Collected data
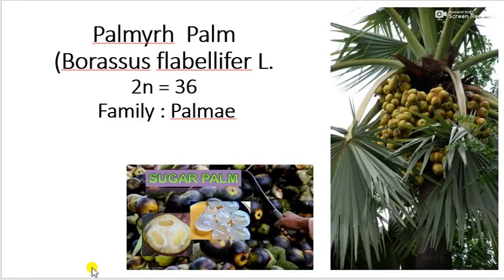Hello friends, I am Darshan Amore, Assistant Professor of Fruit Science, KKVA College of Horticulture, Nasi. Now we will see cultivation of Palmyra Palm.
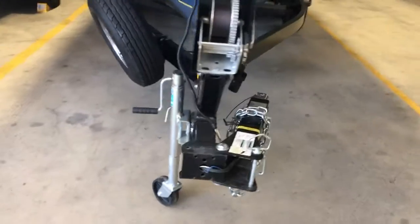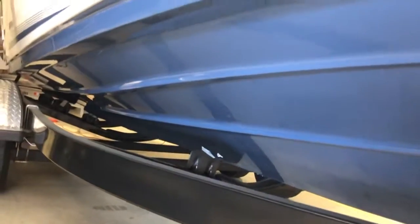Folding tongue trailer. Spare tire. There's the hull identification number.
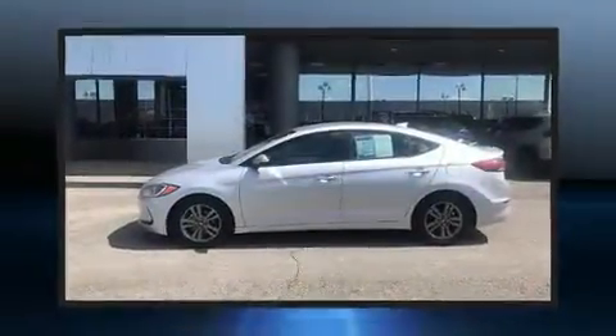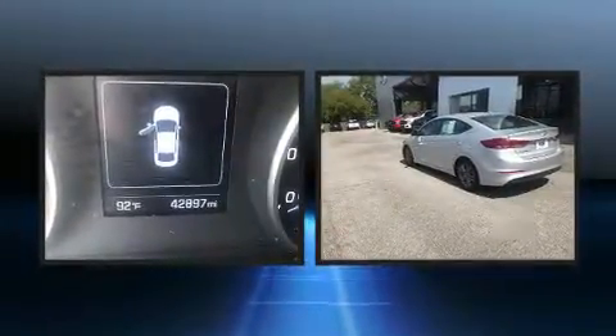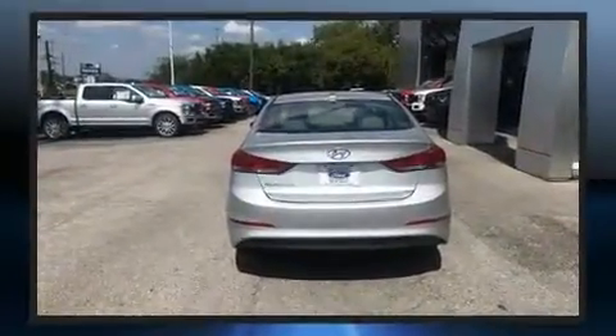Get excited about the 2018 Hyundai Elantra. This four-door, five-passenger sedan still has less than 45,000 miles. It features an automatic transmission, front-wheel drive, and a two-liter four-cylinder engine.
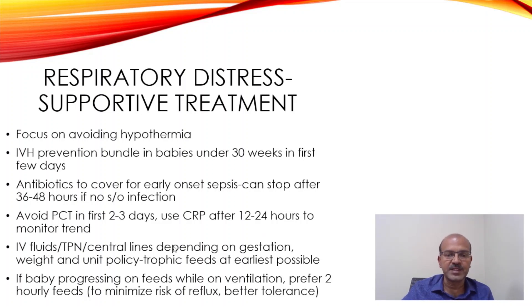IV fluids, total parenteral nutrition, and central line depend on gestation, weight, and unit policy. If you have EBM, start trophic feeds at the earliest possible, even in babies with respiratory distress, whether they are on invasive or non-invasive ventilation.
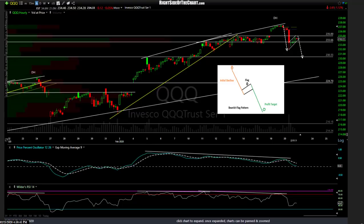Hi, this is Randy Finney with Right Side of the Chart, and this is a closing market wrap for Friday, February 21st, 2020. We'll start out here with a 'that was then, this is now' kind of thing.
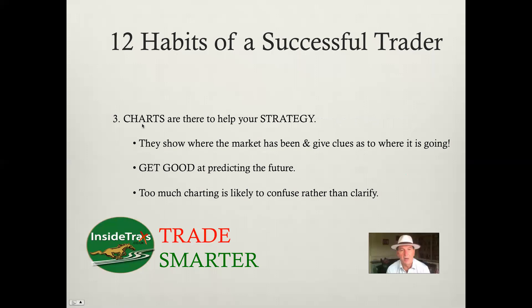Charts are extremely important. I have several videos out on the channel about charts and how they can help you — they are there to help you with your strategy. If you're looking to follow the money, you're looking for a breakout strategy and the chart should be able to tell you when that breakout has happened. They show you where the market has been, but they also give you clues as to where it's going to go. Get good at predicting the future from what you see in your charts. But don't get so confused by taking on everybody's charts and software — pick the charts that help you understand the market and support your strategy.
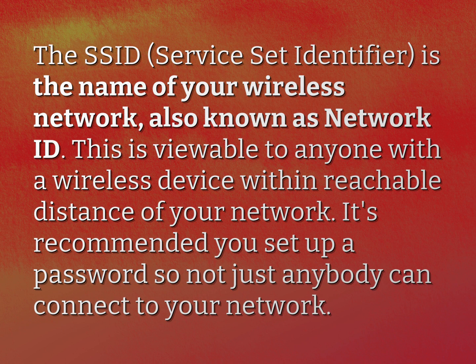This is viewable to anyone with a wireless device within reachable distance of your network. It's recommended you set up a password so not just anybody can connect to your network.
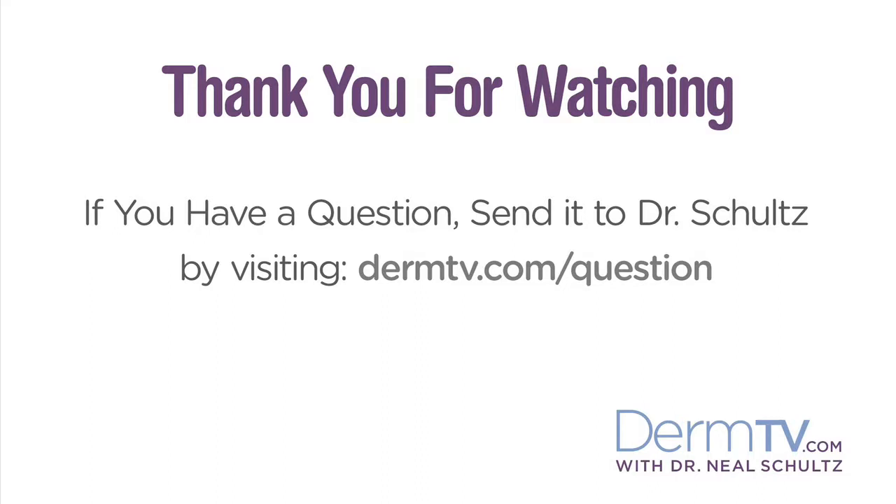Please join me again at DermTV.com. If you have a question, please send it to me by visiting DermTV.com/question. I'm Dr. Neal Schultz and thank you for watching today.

> [PROBLEM]
Where a line contains "This is viewable", begin there and set down exactly each line through the end of the data above, omitting any pictures.

> [YOUR RESPONSE]
This is viewable to anyone with a wireless device within reachable distance of your network. It's recommended you set up a password so not just anybody can connect to your network.
Please join me again at DermTV.com. If you have a question, please send it to me by visiting DermTV.com/question. I'm Dr. Neal Schultz and thank you for watching today.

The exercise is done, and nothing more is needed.